Praise the Lord, O my soul;
I will praise the Lord all my life;
I will sing praise to my God while I live. (Psalm 146:2)

Piety
Lord, may your praise be the song on my lips as I reflect on the ways in which you have blessed me.

Study
"Tobit heals his father's blindness,"
Domingos Sequeira (1768-1837),
Public Domain, Wikimedia Commons
Many years ago, I went on my first 8-day, silent retreat.  I had no idea what to expect nor any confidence that I could, in fact, be quiet for that long.  Being silent turned out to be no problem.  The shock came during my first meeting with my retreat director when I was asked to reflect with gratitude on the blessings of my life.  “Not just the good things,” he said, “but the negative things as well.”   I wondered why anyone would want to be thankful for the bad things that had happened to them.

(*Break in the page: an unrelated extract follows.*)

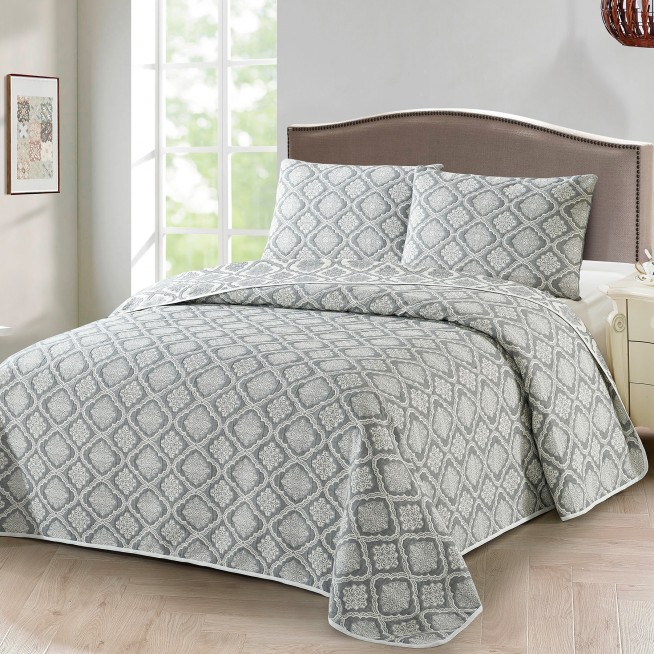 Покрывало Жаккард Parisienne 230х250 PR2325-13 Tango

Too bad I wasn’t more familiar then with the story of Tobit and his family.  Tobit is living in Nineveh with other exiles from the northern tribes.as our Scripture reading for today opens.  He hasn’t had an easy life.  He is blind, the result of a freak encounter with bird droppings while resting after doing a good deed by burying a murder victim left lying in the street.  The blindness put a great strain on his marriage, and, after a time, sent him spiraling down into depression, even causing him to pray for death.

One day Tobit remembers a sum of money that he has put away for safe keeping in a place called Media.  He dispatches his son to go and fetch the sum for them.  Tobiah, the son, is gone for so long that his parents begin to fear that something has happened to him.  It has, but not anything like the disaster the parents are envisioning in their worried states of mind.

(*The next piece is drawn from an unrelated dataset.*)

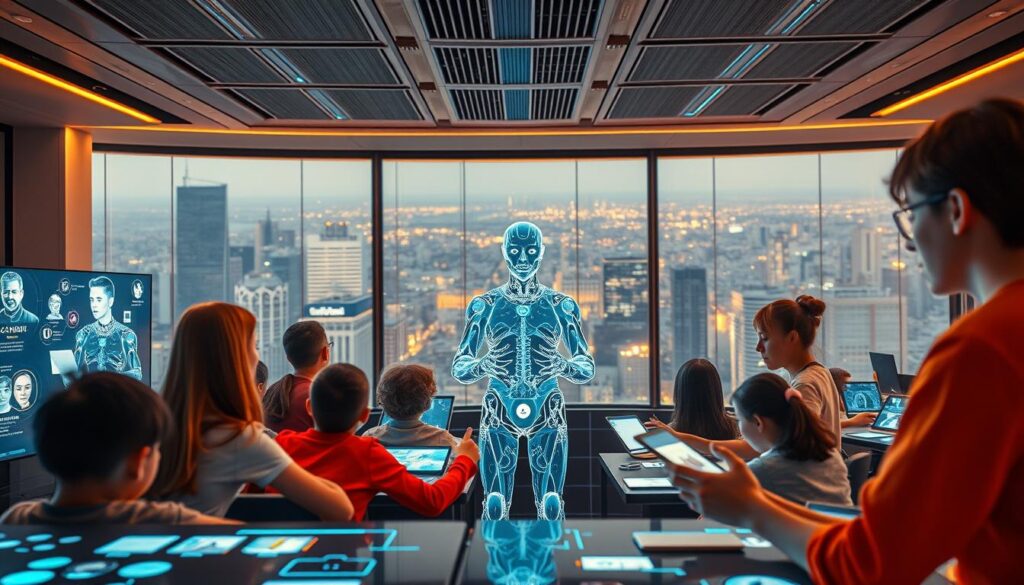 AI-Powered Personalized Education: Teaching and Earning Online in 2025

Tobiah has just arrived home in today’s reading.  He is accompanied by the Archangel Raphael, God’s messenger of healing, and a new wife.  He has with him the ingredients it will take for a remedy for Tobit’s blindness.  The potion is applied, and Tobit is ecstatic.  He can see again.  The son he had feared dead is, instead, right in front of him in vibrant Technicolor clarity.  The daughter-in-law is lovely.  And the money the family needs is all there, thanks to Raphael.  They are all safe and sound.

To hear Tobit pray, you would never imagine all the tumult he has been through in his life.  He praises God for everything that has happened.  If he hadn’t been exiled, who knows whether he would have met the woman he married or had his son Tobiah.  If he hadn’t been blinded, maybe God would never have sent the Archangel Raphael to them.  Certainly, there would have been no reason for Tobias to travel to Media.  And if the son hadn’t traveled with the Archangel, who knows if there would ever have been a cure for the blindness.  There certainly wouldn’t have been such a lovely young woman in Tobiah’s life.

Once you start seriously reflecting on your blessings, you discover that it’s actually very difficult to separate the bad from the good.  God has a way of taking the very worst times in our lives and working them into some of the best times.  To wish the negative away would be wishing a great deal of the positive away at the same time.

Action
When you are praying today, spend a little while on the same assignment I was given on the first day of that 8-day retreat.  Look back over your life.  Pray with thankful hearts for every place where you see the hand of God.